→ DATA FOR PROCESSING:
"""
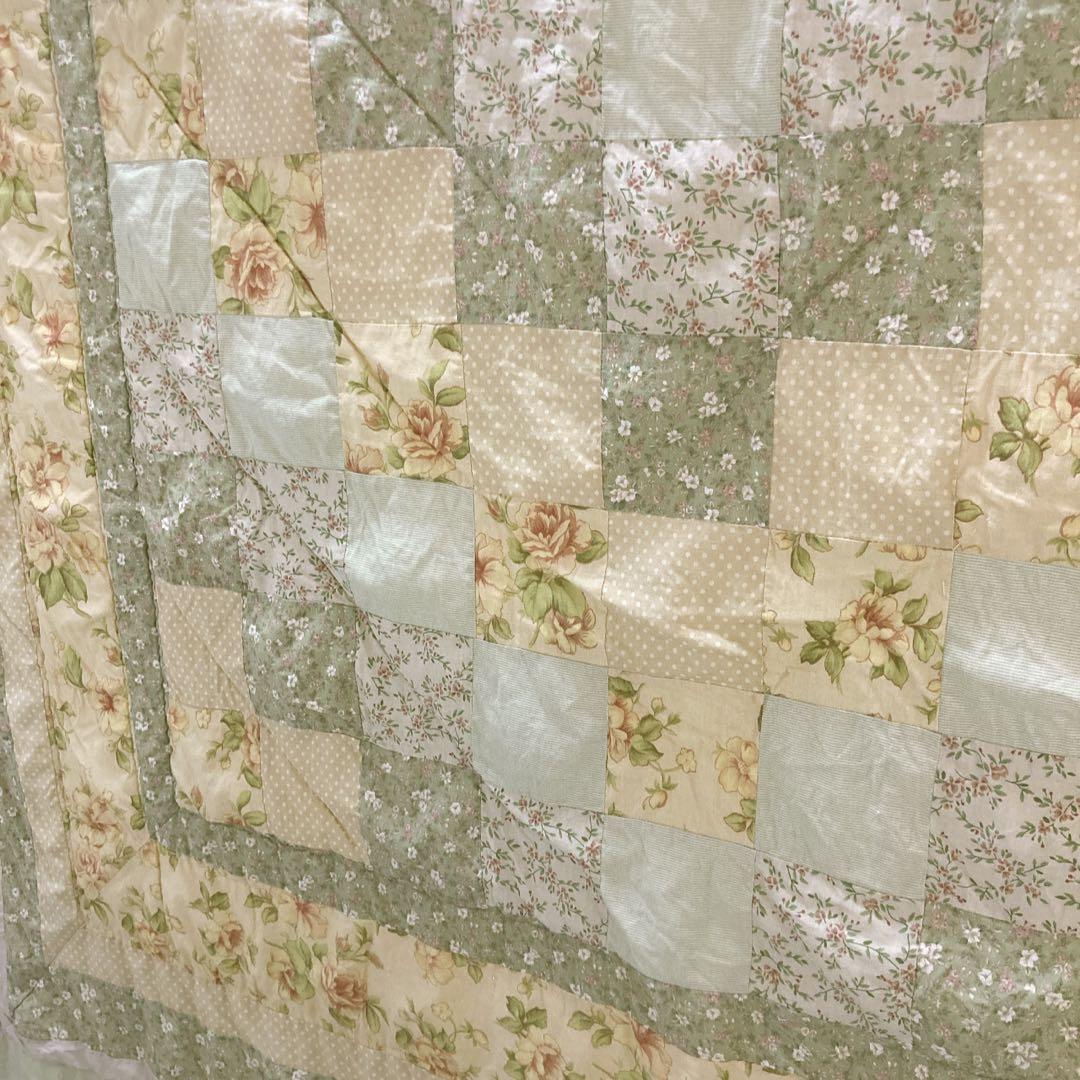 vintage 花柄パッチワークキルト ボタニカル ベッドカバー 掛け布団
"""
"""
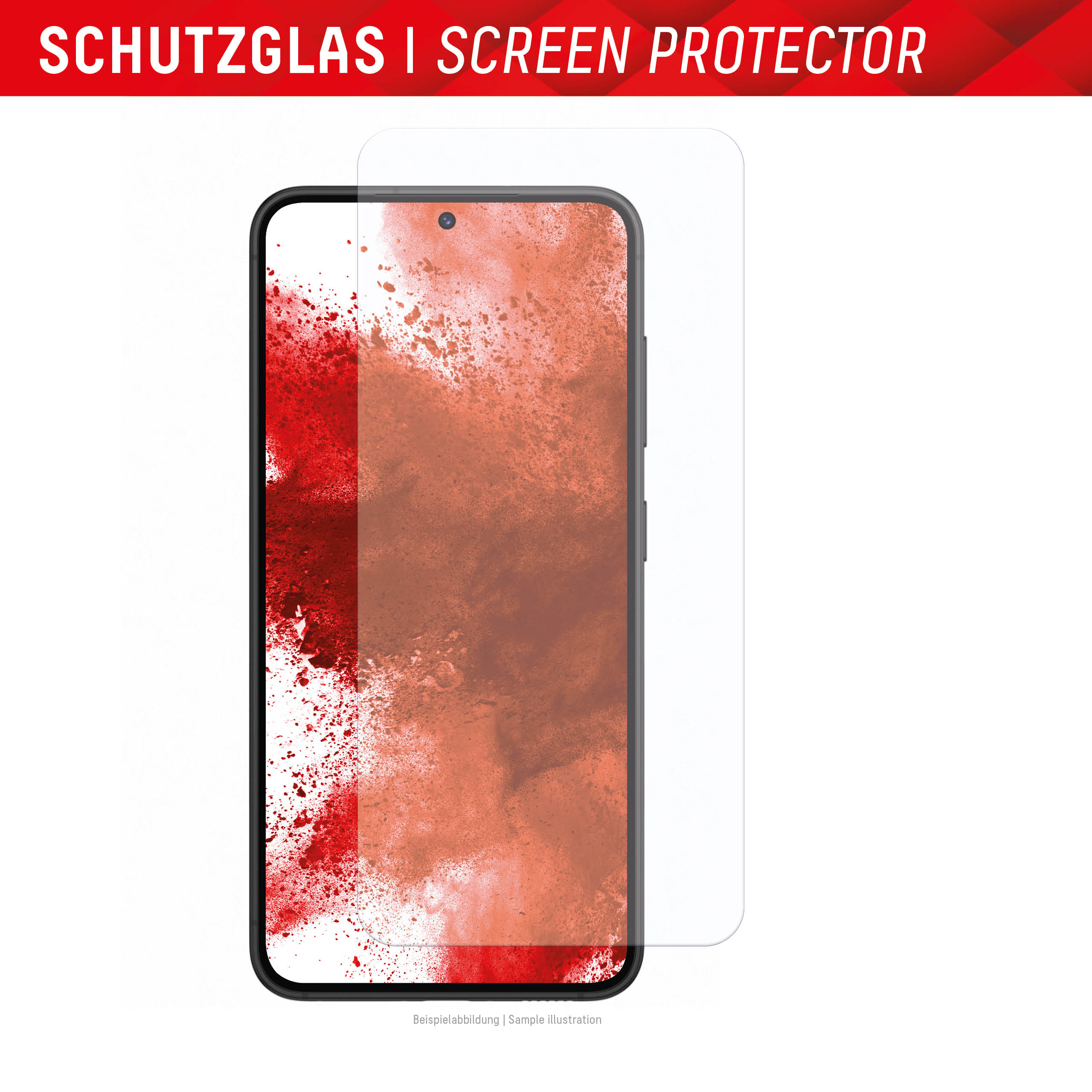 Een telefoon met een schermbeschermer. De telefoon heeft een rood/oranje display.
"""
"""
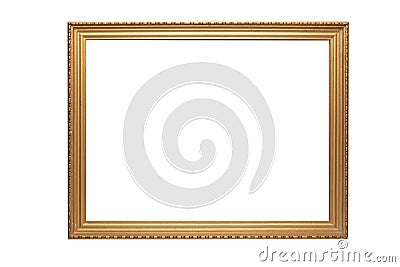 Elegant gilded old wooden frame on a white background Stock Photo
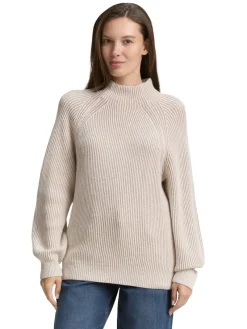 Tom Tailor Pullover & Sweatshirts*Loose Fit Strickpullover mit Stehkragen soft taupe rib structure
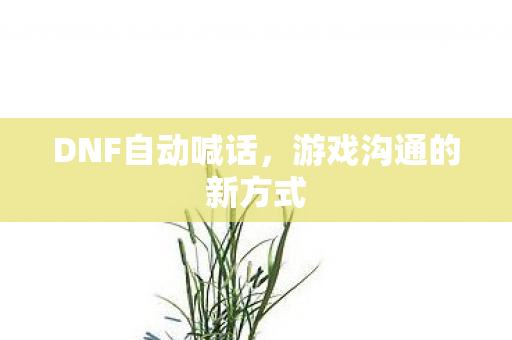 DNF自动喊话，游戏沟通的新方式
"""
The line holding "Elegant gilded old" starts the copy and the line holding "DNF自动喊话，游戏沟通的新方式" ends it. Repeat those two lines above and all between them exactly, leaving out pictures.

 Elegant gilded old wooden frame on a white background Stock Photo
 Tom Tailor Pullover & Sweatshirts*Loose Fit Strickpullover mit Stehkragen soft taupe rib structure
 DNF自动喊话，游戏沟通的新方式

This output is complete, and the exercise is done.